Mask Ventilation of Preterm Infants in the Delivery Room

Mask Ventilation of Preterm Infants in the Delivery Room

In this observational study, infants <32 weeks gestation received mask positive pressure ventilation (PPV) in the delivery room (DR). The study objective was to measure tidal volumes and describe the interactions between spontaneous breaths and PPV inflations during stabilization of preterm infants in the delivery room. The investigators used a respiratory function monitor (RFM) to evaluate the first 5 minutes after birth. Parameters measured included VT, peak inspiratory pressure (PIP), peak end expiratory pressure (PEEP) and mask leak.  

Using data collected from the masked arm of a randomised trial of RFM in the DR,  a total of 3864 PPV inflations and spontaneous breaths were analysed, out of which 1259 could not be interpreted and were excluded. The remaining 2605 PPV inflations and spontaneous breaths were finally included and analysed. 
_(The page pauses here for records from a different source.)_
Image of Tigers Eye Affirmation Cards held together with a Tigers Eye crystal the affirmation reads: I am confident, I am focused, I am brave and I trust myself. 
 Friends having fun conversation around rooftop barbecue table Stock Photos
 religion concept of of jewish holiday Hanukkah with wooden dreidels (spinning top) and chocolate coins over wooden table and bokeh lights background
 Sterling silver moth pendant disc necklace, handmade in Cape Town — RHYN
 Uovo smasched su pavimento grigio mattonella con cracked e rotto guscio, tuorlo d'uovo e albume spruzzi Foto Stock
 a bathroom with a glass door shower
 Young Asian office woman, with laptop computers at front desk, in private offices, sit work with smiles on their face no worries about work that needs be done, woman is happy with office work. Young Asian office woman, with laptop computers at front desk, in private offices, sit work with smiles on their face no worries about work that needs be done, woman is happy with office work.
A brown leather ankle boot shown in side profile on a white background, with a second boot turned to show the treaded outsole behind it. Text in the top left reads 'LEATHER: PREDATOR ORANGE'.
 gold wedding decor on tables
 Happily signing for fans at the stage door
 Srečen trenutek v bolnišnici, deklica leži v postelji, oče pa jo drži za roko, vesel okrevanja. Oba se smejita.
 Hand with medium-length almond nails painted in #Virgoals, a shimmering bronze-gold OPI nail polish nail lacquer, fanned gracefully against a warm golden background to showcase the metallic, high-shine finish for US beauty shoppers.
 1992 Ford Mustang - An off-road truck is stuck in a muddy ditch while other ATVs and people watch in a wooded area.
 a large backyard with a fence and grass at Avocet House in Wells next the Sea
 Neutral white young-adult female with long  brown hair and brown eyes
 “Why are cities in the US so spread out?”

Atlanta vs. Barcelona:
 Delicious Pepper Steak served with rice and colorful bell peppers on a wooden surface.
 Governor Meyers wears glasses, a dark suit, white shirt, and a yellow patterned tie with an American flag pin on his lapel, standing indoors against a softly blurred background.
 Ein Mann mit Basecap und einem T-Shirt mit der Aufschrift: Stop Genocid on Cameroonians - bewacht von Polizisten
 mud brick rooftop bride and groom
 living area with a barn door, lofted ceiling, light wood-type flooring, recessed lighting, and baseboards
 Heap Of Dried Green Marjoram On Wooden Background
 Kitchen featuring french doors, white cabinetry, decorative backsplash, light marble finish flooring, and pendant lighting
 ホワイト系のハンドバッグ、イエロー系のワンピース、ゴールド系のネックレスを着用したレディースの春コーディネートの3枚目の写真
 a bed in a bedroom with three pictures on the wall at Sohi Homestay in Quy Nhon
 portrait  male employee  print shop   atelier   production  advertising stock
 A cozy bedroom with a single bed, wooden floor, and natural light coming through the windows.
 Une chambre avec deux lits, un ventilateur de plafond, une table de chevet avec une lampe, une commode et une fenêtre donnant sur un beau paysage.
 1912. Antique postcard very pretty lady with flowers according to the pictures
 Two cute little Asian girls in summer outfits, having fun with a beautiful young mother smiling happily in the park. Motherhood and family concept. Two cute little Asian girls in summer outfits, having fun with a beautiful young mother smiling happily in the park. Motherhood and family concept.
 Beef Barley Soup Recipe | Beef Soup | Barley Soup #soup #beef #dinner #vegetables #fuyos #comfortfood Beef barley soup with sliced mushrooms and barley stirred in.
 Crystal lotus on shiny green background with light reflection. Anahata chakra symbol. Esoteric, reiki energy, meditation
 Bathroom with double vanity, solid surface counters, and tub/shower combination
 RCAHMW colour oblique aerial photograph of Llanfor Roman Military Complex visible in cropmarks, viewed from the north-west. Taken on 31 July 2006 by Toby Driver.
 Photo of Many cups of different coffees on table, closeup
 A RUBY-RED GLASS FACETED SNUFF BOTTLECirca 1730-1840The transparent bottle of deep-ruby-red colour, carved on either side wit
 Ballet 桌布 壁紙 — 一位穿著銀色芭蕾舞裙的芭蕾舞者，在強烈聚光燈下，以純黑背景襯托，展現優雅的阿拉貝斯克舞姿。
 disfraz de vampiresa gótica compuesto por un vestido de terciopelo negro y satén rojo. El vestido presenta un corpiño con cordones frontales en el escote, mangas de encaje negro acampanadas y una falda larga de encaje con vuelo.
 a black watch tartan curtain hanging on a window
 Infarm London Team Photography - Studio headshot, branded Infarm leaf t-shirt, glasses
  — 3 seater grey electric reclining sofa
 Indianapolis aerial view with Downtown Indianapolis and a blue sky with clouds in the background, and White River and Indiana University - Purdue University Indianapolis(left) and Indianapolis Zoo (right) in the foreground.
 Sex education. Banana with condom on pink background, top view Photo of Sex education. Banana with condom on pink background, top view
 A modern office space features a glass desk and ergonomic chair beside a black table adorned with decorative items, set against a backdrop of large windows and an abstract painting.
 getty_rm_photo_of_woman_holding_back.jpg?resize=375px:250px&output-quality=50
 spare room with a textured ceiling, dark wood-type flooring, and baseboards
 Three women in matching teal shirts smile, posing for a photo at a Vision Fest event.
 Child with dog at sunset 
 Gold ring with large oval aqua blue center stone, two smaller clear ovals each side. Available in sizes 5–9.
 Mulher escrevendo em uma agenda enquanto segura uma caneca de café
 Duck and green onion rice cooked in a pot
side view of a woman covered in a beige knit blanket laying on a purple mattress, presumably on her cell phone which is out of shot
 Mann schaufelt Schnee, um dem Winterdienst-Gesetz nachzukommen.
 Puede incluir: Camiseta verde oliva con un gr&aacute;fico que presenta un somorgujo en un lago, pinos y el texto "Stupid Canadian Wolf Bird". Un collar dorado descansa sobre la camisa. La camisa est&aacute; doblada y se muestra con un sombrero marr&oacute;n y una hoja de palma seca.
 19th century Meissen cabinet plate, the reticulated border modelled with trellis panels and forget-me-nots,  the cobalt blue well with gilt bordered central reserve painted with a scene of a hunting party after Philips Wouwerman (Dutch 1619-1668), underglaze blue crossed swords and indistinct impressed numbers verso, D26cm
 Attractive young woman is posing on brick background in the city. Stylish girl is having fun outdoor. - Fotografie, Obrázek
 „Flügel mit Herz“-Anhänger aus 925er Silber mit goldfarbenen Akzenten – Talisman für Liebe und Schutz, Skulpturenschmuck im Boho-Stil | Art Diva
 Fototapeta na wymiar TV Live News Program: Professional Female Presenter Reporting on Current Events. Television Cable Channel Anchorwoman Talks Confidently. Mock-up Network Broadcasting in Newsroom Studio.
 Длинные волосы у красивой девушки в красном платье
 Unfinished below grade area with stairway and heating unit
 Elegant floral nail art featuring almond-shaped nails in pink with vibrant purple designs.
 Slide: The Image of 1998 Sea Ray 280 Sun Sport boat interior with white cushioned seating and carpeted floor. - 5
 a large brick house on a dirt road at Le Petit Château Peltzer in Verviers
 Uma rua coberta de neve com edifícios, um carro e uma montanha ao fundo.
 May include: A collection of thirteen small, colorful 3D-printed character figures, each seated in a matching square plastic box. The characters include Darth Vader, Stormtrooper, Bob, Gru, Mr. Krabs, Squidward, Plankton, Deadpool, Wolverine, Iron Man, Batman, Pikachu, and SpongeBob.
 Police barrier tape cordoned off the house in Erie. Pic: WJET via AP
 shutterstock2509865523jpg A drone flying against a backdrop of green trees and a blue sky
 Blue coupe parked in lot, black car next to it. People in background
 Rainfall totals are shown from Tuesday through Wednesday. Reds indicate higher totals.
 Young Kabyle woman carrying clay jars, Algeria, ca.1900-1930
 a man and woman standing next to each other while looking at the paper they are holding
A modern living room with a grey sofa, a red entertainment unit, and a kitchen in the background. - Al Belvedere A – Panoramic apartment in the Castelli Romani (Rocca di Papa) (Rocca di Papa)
Substantial leak was observed during all four breath types; inflations, assisted inflations, spontaneous breaths between PPV, and breaths during continuous positive airway pressure (CPAP). The median leaks ranged from 24% to 59% with a wide variability in measured mask leak. As for tidal volume delivery and airway obstructions, the authors reported the delivered tidal volumes to be variable (greatest during inflations and assisted inflations), and in 10% of the infants obstructed inflations during mask PPV were observed. 


The authors conclude that their observations highlight the wide range of tidal volumes delivered and large facemask leaks with both PPV inflations and non-assisted breaths. Considering that data was masked from the clinical team, they believe results to be typical of what occurs in DRs. 

These observations in the DR confirm the presence of large facemask leaks and variability of tidal volume delivery during mask ventilation of preterm infants when operators rely on clinical signs to guide support. The potential of RFM to detect and manage problems associated with mask ventilation in the DR needs to be assessed in large clinical trials.